While single compound semiconductors were initially used for photocatalysis, combining
two compounds to form a heterojunction significantly increases the photocatalysis
performance. This review will outline how heterojunctions are superior, explain the
different heterostructure architectures assembled from nanoparticles, and discuss
the importance of achieving a large and quality contact in the junction, the heterojunction.

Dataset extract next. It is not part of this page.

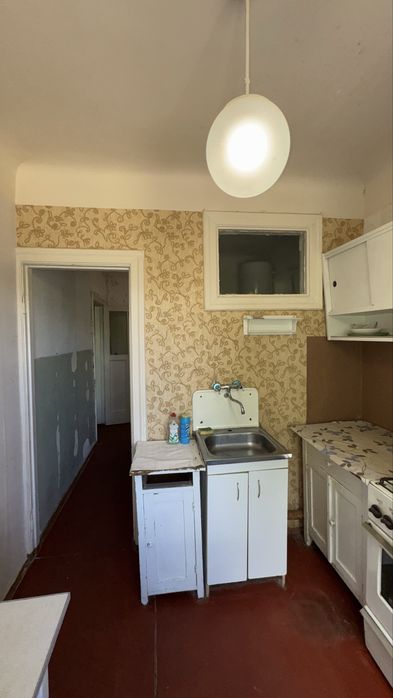 Продаю 3 ккв в Чугуеве ( Авиатор ) возле школы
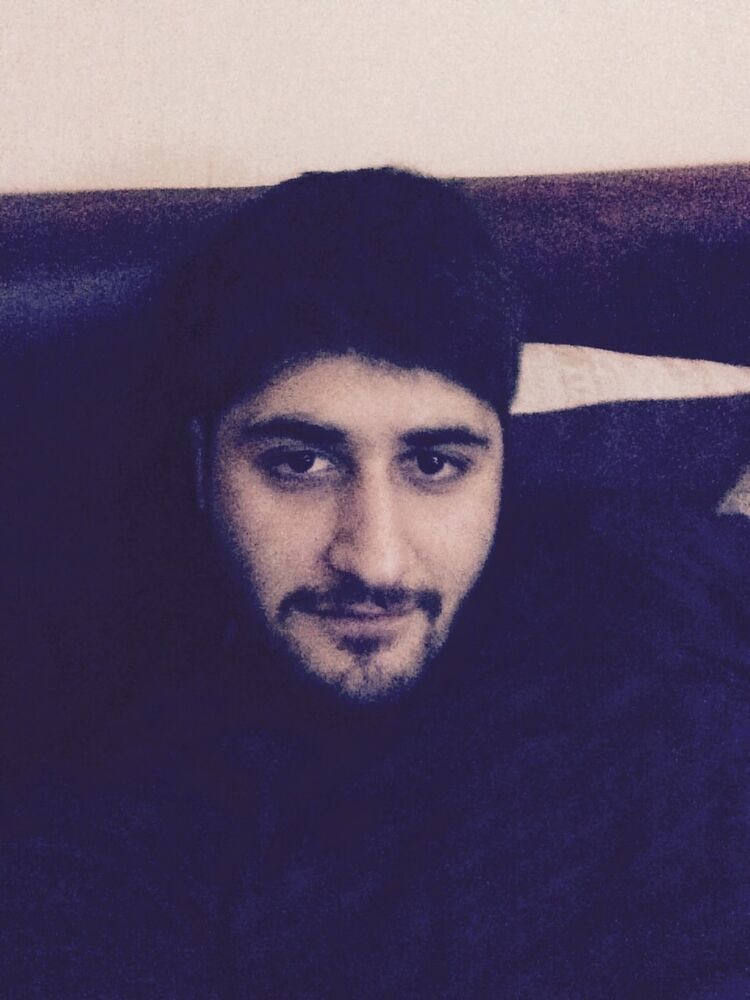  6536168  Rezi, 35 ,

Reference is made to methods for increasing the charge carrier performance and reducing
recombination. Solution-based synthesis approaches, have been selected as the preferred
route of manufacture, for the low cost scalability, and ability to combine a larger
number of compounds. The main objective of this review article is to provide insight
to the range of chemical solution-based methods for forming chemically bonded junction
in nanoheterostructures for photocatalysis. Methods include chemical precipitation,
impregnation, chemical bath deposition, hot injection, solvothermal, photo-deposition,
electrochemical deposition, cation exchange and linker assisted assembly. The synthesis
of different photocatalysts is addressed for each synthesis method. Solution synthesis
is offered for coupling oxide semiconductors (i.e. TiO2, ZnO, WO3, Fe2O3, BiVO4) with
other oxides or metal chalcogenide quantum dots or metallic plasmonic nanoparticles.